「葵?」
心配そうな顔で私を見る遼ちゃんに笑顔を向けた。
「ん、何?私の部屋に行く?」
「いや、そうじゃなくて…」
遼ちゃんに心の中を悟られたくなくて、すぐに部屋へ向かった。
ショックだった。
遼ちゃんの家族のことを知らない自分。
知ってるつもりになってた遼ちゃんの家庭の事情。
胸の中にぽっかりと穴が空いたようだった。
まだまだ知らないことがたくさんあるんだ。
一緒にいた幼い日々の中にも、
離れていた時間の中にも、
今の遼ちゃんにも…。
もっと遼ちゃんのことが知りたい。
遼ちゃんを知って、もっと遼ちゃんのことを好きになりたい。
好きっていう気持ちと比例してショックと焦りが湧いてくる。
どうしてだろう…。
初めは好きでいるだけでよかったのに、遼ちゃんの全てが知りたくなっちゃう。
私、どんどん欲張りになっていくよ。
こんな私、遼ちゃんは重たく感じるよね?
私だったら、きっと重たいって思っちゃうかな…
だけど、やっぱり好きな人のことはどんなことでも知りたいって思っちゃうんだ。
重たい気持ちを遼ちゃんに知られたくなくて明るくふるまった。
「中学校の卒業アルバム見る?遼ちゃんの知ってる先生とか載ってるよ。ね?ほら…」
開いて見せたアルバムには、懐かしい先生や友達がいっぱい写っていた。
「懐かしいね、ついこの前まで通ってた学校なのに」
「葵、俺の話し聞いてくれる?」
遼ちゃんはアルバムではなく、わたしの顔をまっすぐ見ていた。
そう…遼ちゃんに心の中を隠せるわけないんだ。
いつだって私のことをわかってしまう遼ちゃんだもん。
私はアルバムを閉じて小さく頷いた。
「俺の父さん、五年前に再婚したんだ。最初に会わされた時はびっくりしたよ。若くて綺麗な人だったから」
優しく微笑んで話す遼ちゃんから、その人は素敵な人なんだろうなって思った。
「父さんのどこがいいの?って聞いたら、答えられなくて本気で頭を抱えて悩んだんだ。そして『全部かな‥』って答えて、この人となら父さん幸せになるかもって思った。
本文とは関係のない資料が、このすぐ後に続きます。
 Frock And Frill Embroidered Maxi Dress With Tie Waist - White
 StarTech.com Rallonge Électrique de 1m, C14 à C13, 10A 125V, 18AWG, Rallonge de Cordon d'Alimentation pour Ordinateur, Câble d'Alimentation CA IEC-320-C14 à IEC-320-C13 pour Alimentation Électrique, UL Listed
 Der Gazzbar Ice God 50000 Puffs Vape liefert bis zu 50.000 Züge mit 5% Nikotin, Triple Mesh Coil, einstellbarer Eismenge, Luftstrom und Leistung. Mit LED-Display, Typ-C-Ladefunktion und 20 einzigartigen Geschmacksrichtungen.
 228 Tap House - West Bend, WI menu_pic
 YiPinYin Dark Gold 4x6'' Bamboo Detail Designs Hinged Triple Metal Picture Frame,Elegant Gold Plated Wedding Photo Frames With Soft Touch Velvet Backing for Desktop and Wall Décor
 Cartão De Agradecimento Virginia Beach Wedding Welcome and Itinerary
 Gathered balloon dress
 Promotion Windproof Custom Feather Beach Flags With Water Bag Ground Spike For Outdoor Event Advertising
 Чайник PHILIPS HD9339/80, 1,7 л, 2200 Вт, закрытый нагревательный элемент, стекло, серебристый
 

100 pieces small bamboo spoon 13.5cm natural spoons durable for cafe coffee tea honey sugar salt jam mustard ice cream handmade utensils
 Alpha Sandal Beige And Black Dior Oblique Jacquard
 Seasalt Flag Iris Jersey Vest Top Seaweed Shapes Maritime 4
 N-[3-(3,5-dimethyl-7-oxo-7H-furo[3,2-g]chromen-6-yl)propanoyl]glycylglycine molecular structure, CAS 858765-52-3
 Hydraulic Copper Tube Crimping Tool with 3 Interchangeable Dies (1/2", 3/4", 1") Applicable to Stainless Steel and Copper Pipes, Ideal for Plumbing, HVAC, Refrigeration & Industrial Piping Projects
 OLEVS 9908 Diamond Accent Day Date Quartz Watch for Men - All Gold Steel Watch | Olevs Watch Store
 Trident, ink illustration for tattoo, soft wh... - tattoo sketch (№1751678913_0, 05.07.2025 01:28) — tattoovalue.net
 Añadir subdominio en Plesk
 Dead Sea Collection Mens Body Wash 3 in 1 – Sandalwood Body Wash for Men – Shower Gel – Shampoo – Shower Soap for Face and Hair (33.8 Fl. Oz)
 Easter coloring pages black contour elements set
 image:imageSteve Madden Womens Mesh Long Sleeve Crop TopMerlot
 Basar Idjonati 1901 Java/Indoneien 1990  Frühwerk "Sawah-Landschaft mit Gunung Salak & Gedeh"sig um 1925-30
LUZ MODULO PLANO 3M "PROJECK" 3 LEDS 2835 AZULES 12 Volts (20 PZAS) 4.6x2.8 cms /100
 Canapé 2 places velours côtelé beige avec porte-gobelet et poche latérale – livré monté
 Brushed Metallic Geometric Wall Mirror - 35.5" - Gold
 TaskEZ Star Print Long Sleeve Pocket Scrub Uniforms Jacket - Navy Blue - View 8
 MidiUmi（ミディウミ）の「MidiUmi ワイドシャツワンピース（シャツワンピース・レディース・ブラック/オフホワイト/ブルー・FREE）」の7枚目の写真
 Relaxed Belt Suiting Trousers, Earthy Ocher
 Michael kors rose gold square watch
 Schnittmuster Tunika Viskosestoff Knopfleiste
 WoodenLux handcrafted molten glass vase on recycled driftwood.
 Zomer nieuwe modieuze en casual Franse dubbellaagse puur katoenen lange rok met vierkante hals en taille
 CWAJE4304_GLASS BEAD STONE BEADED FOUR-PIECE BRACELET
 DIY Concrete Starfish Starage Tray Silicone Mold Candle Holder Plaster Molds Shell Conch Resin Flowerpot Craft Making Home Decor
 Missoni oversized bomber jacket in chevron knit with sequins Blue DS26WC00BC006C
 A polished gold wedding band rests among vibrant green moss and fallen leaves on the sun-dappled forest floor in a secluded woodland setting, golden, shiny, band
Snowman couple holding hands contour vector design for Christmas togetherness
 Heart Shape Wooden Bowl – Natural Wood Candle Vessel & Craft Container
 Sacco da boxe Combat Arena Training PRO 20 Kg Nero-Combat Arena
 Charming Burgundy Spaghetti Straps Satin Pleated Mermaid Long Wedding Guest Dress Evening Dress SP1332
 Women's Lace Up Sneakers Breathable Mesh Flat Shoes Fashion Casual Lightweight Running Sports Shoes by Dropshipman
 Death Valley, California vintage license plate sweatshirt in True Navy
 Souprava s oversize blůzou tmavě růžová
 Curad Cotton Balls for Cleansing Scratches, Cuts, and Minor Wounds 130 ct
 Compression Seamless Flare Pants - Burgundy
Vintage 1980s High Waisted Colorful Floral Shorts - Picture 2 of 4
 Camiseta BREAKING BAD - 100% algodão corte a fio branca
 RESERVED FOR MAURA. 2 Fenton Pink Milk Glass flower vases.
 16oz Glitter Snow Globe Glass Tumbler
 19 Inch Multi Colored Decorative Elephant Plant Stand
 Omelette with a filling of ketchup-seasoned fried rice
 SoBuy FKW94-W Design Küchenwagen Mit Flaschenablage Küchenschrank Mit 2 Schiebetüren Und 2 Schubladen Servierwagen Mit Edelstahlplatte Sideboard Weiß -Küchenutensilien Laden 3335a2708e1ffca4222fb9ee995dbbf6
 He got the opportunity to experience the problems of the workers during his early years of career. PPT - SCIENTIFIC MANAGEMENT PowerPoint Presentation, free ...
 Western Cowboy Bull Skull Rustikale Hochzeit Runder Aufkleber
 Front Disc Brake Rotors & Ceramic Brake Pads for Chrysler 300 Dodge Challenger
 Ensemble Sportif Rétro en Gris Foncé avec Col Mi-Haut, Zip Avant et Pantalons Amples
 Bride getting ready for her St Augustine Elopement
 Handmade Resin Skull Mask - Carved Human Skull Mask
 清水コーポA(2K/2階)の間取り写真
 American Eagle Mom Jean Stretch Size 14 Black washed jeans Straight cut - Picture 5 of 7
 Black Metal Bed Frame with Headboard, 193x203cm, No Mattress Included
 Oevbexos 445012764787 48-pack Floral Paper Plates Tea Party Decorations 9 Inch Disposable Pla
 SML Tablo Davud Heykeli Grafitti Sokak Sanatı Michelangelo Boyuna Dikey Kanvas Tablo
今では3歳になる弟ができて、賑やかな家族になったよ」
「そうだったんだ…、私なにも知らなくてさっきはちょっとびっくりしちゃった」
「ごめん、もっと早くに言えばよかったよな」
「ううん、いいの。遼ちゃんのこと、これから少しずつ知っていくから」
微笑んだ私に向って遼ちゃんが言ったんだ。
「キスしてもいい?」
遼ちゃん??
面と向って言われると素直になれないよ。
赤くなった顔を隠すように下を向いて言った。
「だめ」
遼ちゃんはそうきたかっていう風に口元に笑みを浮かべて言った。
「葵、キスしたくないの?」
いじわる~~!!
キスしたくないわけないでしょ!
遼ちゃんは私が素直になれないってわかってて言ってるんだ!
こうなったら意地でもキスしないんだから!!
「絶対‥だめ‥」
「それじゃ答えになってないよ?」
どうしてもキスしたくないって言えない自分がいる。
赤くなった私の顔を、遼ちゃんはいじめるように笑って覗き込んだ。
そして、一瞬で私の唇を奪った。
「キスしたくなった?」
「…だめ」
私の言葉をしまい込むように、遼ちゃんがもう一度唇を塞ぐ。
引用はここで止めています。